The HemoCue® Hb 801 Analyzer has an internal quality control, a self-test. It automatically verifies that the optronic unit of the analyzer is working properly every time the analyzer is turned on, when the microcuvette holder is put back into place after removal, and every hour when in use.

If an external quality control is required by local or other regulations, commercially available controls recommended by HemoCue should be used.

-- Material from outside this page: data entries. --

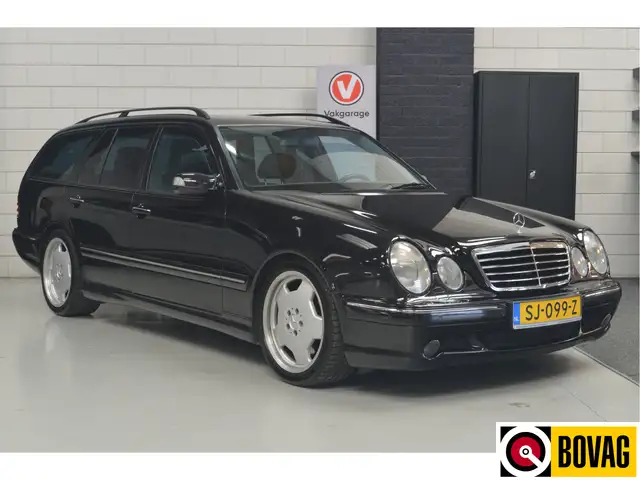 Mercedes-Benz E 55 AMG Combi // LEDER // CLIMA // CRUISE // PDC // TREKHA
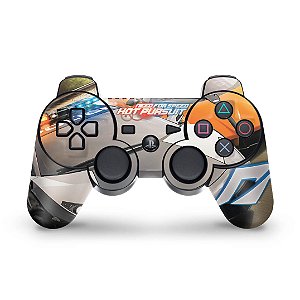 PS3 Controle Skin - Need For Speed
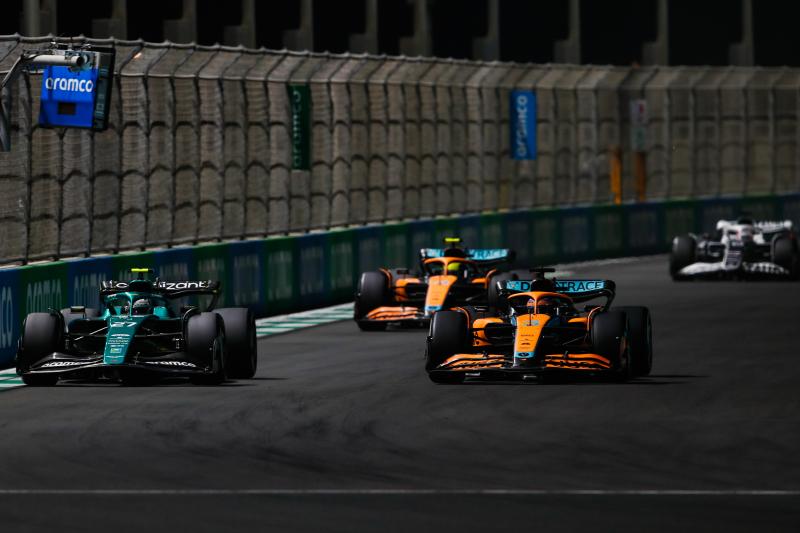 Saudyjczycy chcą ściągnąć zespół F1 do swojego kraju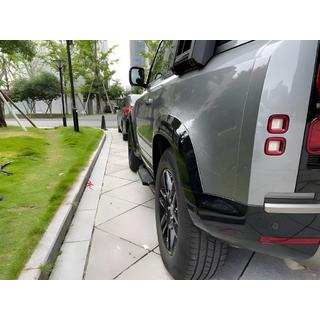 Razširitve blatnikov (Bushwacker, 6 kos, črna visok sijaj) Land Rover Defender 2019– fotografija 2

8. Other Supportive Instrument Performance Characteristics Data Not Covered In the "Performance Characteristics" Section above

Cleaning and Disinfection Study

A cleaning and disinfection study was conducted to validate virucidal efficacy using the selected disinfectant with the recommended disinfection protocol. Super Sani-Cloth®Germicidal Disposable Wipe (EPA Registration No. 9480-4), a ready to use pre-saturated towelette, demonstrated complete inactivation of Duck Hepatitis B virus (surrogate for Human Hepatitis B virus) for all tested materials, following two-minutes exposure at room temperature.

A robustness study was performed to demonstrate that the HemoCue® Hb 801 System is robust to multiple cleaning and disinfection cycles by using Super Sani-Cloth® Germicidal Disposable Wipe.

9. Proposed Labeling

The labeling is sufficient and it satisfies the requirements of 21CFR Part 809.10.

10. Conclusion

The submitted information in this premarket notification is complete and supports a substantial equivalence decision.

Regulation Number and Section

§ 864.5620 Automated hemoglobin system.

(a)
Identification. An automated hemoglobin system is a fully automated or semi-automated device which may or may not be part of a larger system. The generic type of device consists of the reagents, calibrators, controls, and instrumentation used to determine the hemoglobin content of human blood.(b)
Classification. Class II (performance standards).